Memory Management

Memory life cycle

Regardless of the programming language, the memory life cycle is pretty much always the same:

  1. Allocate the memory you need

  2. Use the allocated memory (read, write)

  3. Release the allocated memory when it is not needed anymore

The second part is explicit in all languages. The first and last parts are explicit in low-level languages but are mostly implicit in high-level languages like JavaScript.

Allocation in JavaScript

Value initialization

In order to not bother the programmer with allocations, JavaScript will automatically allocate memory when values are initially declared.

var n = 123; // allocates memory for a number
var s = 'azerty'; // allocates memory for a string

var o = {
  a: 1,
  b: null
}; // allocates memory for an object and contained values

// (like object) allocates memory for the array and
// contained values
var a = [1, null, 'abra'];

function f(a) {
  return a + 2;
} // allocates a function (which is a callable object)

// function expressions also allocate an object
someElement.addEventListener('click', function() {
  someElement.style.backgroundColor = 'blue';
}, false);

Release when the memory is not needed anymore (What is garbage collector)

Some high-level languages, such as JavaScript, utilize a form of automatic memory management known as garbage collection (GC). The purpose of a garbage collector is to monitor memory allocation and determine when a block of allocated memory is no longer needed and reclaim it. This automatic process is an approximation since the general problem of determining whether or not a specific piece of memory is still needed is undecidable.

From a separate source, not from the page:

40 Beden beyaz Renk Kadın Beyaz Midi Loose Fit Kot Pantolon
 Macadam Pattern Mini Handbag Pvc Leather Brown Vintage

The garbage collector, or just collector, attempts to reclaim garbage, or memory occupied by objects that are no longer in use by the program. Garbage

Garbage collection

As stated above, the general problem of automatically finding whether some memory "is not needed anymore" is undecidable. As a consequence, garbage collectors implement a restriction of a solution to the general problem. This section will explain the concepts that are necessary for understanding the main garbage collection algorithms and their respective limitations.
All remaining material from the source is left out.